Given records
★ ★ ★ ★

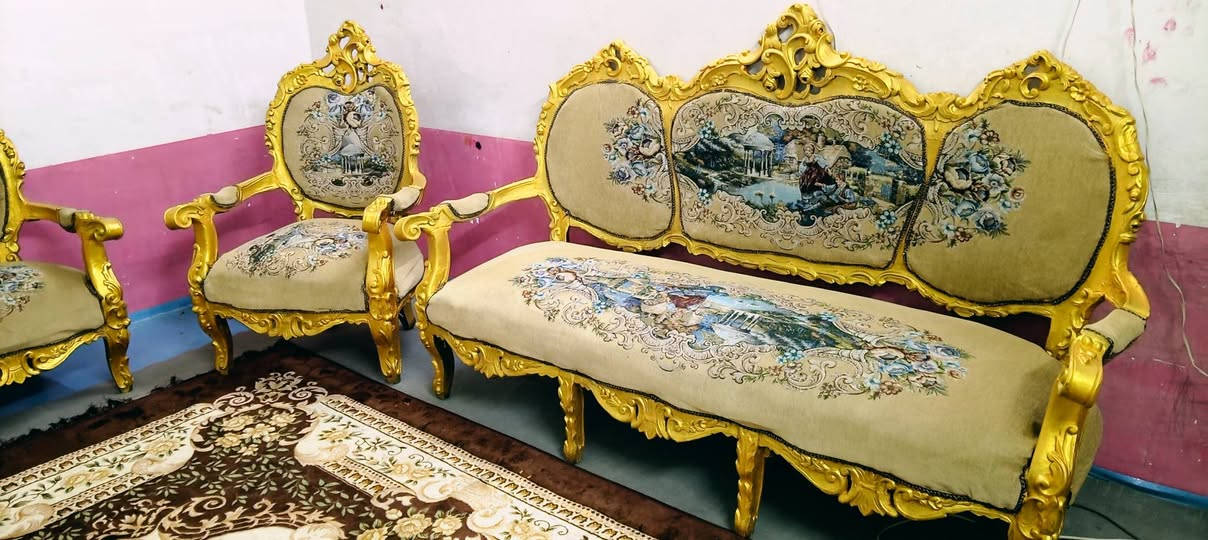 تخم ملكي زان مصري 9 مقاعد نظيف أخو الجديد العنوان كربلاء الامن الداخلي  السعر 375 للستفسار *********** يوجد توصيل بكروه
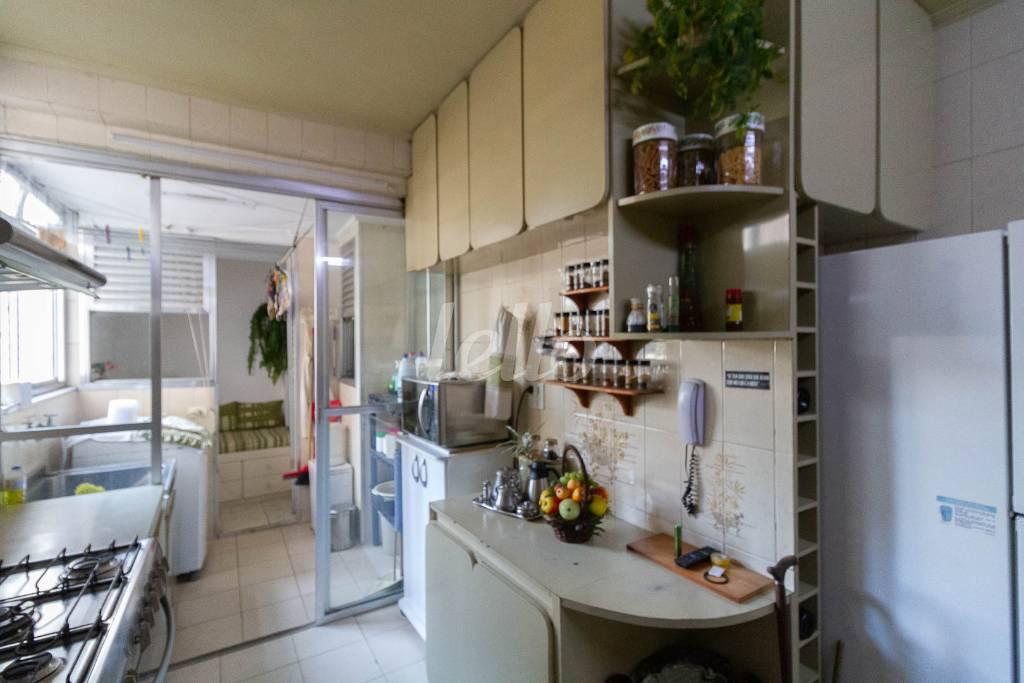 COZINHA de Apartamento para alugar, Padrão com 104 m², 3 quartos e 1 vaga em Água Branca - São Paulo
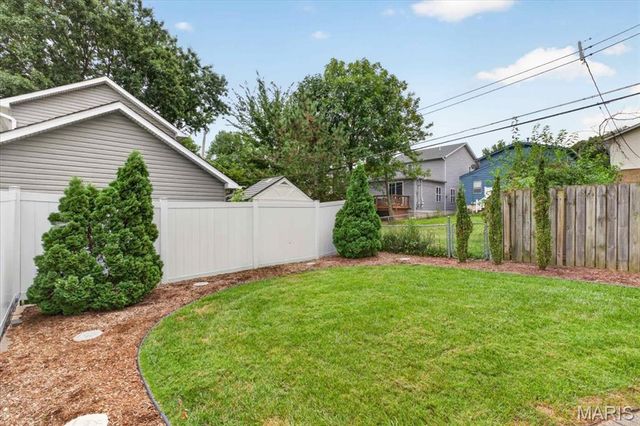 8720 Garden Court, St Louis, MO 63144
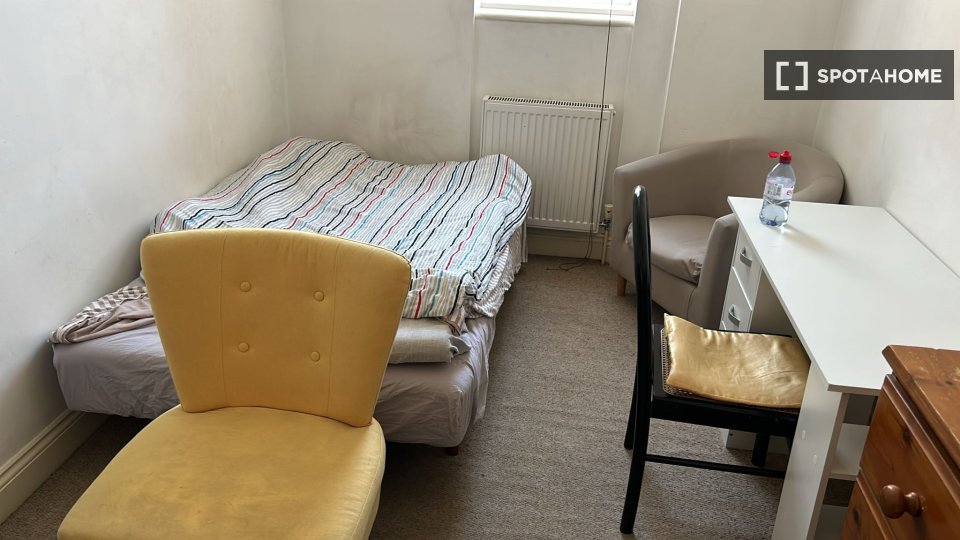 Double room London, 3 beds, 92m² — photo 1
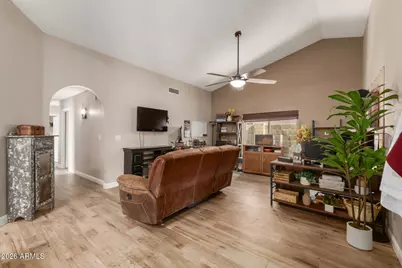 4154 W Questa Drive, Glendale, AZ 85310 - Photo 11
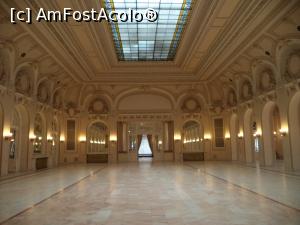 [P22] Cazinoul Sinaia - sala oglinzilor - o sala grandioasa cu plafonul tip vitraliu » foto by mishu
 - 
<span class="allrVoted glyphicon glyphicon-heart hidden" id="av734932"></span>
<a class="m-l-10 hidden" id="sv734932" onclick="voting_Foto_DelVot(,734932,20240)" role="button">șterge vot <span class="glyphicon glyphicon-remove"></span></a>
<a id="v9734932" class=" c-red"  onclick="voting_Foto_SetVot(734932)" role="button"><span class="glyphicon glyphicon-heart-empty"></span> <b>LIKE</b> = Votează poza</a> <img class="hidden"  id="f734932W9" src="/imagini/loader.gif" border="0" /><span class="AjErrMes hidden" id="e734932ErM"></span>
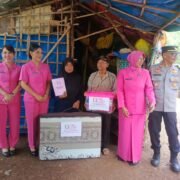 Wujud Empati Ke Masyarakat, Istri Polisi di Purwakarta Gelar Kegiatan Bhayangkari Peduli
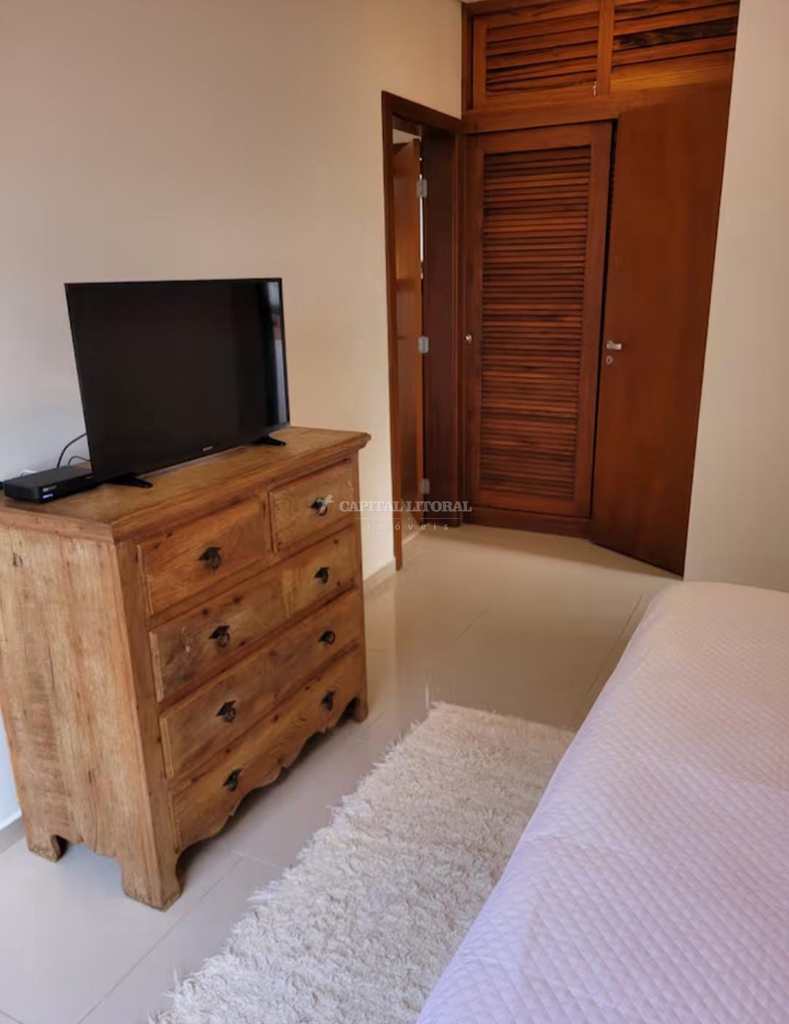 Casa em Ilhabela, no bairro Curral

★ ★ ★ ★

Your assignment
Look through the entries above for the word "heart". Copy every line where it shows up.

Reply to the task
<span class="allrVoted glyphicon glyphicon-heart hidden" id="av734932"></span>
<a id="v9734932" class=" c-red"  onclick="voting_Foto_SetVot(734932)" role="button"><span class="glyphicon glyphicon-heart-empty"></span> <b>LIKE</b> = Votează poza</a> <img class="hidden"  id="f734932W9" src="/imagini/loader.gif" border="0" /><span class="AjErrMes hidden" id="e734932ErM"></span>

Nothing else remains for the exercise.